YOUR TASK ▸ Could you write out the lines below exactly, beginning with the first and finishing with the one that contains "תמונת תקריב דוגמן של סווטשירט כותנה"?

[Data extracted from a collection]
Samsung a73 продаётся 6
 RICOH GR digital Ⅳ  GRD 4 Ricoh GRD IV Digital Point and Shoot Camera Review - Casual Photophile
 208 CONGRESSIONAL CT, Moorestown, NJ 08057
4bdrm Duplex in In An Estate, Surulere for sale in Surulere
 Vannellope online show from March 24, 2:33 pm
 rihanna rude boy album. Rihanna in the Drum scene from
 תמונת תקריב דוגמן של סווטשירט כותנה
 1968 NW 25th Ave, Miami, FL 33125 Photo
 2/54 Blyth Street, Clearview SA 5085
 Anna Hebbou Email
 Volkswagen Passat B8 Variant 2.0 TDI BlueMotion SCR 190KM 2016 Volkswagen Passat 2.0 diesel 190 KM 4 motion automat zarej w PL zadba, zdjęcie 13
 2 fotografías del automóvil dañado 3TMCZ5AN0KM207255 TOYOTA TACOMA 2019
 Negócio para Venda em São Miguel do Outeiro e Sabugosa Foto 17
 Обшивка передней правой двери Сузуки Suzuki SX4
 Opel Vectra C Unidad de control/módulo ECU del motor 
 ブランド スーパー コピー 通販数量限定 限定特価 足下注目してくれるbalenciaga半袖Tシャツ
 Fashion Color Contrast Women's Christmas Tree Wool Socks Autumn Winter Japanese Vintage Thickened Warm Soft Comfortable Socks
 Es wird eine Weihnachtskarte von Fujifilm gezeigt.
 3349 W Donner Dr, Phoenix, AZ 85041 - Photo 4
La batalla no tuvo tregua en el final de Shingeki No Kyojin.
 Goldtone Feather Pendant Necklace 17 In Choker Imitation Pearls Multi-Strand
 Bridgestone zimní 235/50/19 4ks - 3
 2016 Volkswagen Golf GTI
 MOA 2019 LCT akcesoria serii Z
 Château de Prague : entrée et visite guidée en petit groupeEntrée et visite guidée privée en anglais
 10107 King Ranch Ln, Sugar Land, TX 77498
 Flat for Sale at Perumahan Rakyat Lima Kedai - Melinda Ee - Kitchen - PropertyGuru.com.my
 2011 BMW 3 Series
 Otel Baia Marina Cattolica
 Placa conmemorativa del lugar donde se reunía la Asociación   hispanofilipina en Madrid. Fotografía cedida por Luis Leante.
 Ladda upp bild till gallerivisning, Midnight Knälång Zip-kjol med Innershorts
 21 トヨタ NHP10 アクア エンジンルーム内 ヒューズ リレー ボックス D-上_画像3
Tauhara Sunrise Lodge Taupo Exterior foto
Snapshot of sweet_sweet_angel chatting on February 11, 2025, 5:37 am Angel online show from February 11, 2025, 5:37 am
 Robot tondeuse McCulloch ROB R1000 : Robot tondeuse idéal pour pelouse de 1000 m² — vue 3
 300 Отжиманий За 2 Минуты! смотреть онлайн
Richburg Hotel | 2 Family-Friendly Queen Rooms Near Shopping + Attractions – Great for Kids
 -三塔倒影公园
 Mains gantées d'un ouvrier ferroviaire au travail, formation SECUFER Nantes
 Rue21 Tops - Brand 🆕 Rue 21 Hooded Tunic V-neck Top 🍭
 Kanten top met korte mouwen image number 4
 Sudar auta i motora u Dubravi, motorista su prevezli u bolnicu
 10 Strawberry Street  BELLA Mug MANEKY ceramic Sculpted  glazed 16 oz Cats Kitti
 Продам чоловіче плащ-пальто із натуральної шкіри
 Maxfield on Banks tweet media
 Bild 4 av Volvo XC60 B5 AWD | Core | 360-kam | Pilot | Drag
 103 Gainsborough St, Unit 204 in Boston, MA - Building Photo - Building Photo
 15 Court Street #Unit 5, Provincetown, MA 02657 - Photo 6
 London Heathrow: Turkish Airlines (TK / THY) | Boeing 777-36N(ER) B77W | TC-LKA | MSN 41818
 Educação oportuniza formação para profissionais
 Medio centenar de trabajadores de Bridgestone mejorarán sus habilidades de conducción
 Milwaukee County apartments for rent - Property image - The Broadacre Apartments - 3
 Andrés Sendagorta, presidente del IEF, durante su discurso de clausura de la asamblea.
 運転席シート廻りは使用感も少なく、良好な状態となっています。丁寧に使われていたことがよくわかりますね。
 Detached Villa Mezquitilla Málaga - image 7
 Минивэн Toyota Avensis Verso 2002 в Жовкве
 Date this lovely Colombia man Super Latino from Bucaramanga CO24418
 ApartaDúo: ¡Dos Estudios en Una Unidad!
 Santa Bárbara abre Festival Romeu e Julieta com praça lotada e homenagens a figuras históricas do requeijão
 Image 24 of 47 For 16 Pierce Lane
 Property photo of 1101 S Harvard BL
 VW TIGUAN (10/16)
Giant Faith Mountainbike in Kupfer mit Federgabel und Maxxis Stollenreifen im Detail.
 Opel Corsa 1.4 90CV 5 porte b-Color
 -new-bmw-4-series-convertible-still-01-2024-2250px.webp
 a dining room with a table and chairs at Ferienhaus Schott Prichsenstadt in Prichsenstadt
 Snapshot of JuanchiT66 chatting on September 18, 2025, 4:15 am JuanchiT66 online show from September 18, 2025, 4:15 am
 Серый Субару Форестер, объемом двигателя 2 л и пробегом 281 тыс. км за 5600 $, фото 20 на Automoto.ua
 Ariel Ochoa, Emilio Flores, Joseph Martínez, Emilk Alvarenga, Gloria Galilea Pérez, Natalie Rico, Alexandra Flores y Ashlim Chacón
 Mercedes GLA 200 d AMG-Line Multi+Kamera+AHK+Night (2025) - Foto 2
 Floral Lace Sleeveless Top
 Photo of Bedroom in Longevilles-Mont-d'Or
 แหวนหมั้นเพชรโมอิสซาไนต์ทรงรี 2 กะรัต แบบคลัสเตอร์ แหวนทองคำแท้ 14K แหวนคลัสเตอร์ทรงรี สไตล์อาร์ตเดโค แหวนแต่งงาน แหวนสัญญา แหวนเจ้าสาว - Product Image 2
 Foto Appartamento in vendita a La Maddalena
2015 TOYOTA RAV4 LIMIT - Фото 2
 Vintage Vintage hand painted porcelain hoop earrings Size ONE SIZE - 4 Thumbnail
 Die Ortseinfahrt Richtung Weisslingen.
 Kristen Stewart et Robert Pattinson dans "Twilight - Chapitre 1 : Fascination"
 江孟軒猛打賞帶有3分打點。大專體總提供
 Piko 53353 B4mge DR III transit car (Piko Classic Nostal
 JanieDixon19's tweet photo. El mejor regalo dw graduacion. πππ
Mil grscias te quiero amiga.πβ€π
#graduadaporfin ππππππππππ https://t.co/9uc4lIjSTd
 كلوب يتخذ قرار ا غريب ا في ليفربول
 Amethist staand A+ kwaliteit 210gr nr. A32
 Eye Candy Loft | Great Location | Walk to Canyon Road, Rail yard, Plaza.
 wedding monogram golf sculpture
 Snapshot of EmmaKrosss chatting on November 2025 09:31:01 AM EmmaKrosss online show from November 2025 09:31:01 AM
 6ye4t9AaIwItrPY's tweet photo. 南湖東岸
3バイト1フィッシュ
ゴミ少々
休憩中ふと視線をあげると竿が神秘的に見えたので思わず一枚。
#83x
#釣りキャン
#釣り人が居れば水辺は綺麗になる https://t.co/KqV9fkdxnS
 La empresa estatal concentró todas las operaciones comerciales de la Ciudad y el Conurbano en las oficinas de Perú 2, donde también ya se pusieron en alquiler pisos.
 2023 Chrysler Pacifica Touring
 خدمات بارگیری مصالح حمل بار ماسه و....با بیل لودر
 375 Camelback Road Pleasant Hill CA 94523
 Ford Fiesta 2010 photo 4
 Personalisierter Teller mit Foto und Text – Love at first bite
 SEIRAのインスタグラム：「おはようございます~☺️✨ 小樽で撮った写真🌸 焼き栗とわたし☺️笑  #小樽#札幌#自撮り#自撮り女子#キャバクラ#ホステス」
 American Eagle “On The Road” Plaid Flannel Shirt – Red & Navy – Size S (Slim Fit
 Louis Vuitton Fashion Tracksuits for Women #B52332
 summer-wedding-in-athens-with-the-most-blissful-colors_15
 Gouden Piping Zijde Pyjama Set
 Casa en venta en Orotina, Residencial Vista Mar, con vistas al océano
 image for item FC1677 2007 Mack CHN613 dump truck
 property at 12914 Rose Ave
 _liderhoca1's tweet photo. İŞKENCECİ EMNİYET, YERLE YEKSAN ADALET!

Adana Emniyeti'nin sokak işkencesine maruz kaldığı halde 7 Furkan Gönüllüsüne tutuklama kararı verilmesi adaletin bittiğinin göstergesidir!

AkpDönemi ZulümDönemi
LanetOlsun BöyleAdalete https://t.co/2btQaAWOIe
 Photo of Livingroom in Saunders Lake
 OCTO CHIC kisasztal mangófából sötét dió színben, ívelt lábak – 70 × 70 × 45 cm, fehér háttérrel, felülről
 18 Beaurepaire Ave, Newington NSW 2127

WORKED SOLUTION ▸
Samsung a73 продаётся 6
 RICOH GR digital Ⅳ  GRD 4 Ricoh GRD IV Digital Point and Shoot Camera Review - Casual Photophile
 208 CONGRESSIONAL CT, Moorestown, NJ 08057
4bdrm Duplex in In An Estate, Surulere for sale in Surulere
 Vannellope online show from March 24, 2:33 pm
 rihanna rude boy album. Rihanna in the Drum scene from
 תמונת תקריב דוגמן של סווטשירט כותנה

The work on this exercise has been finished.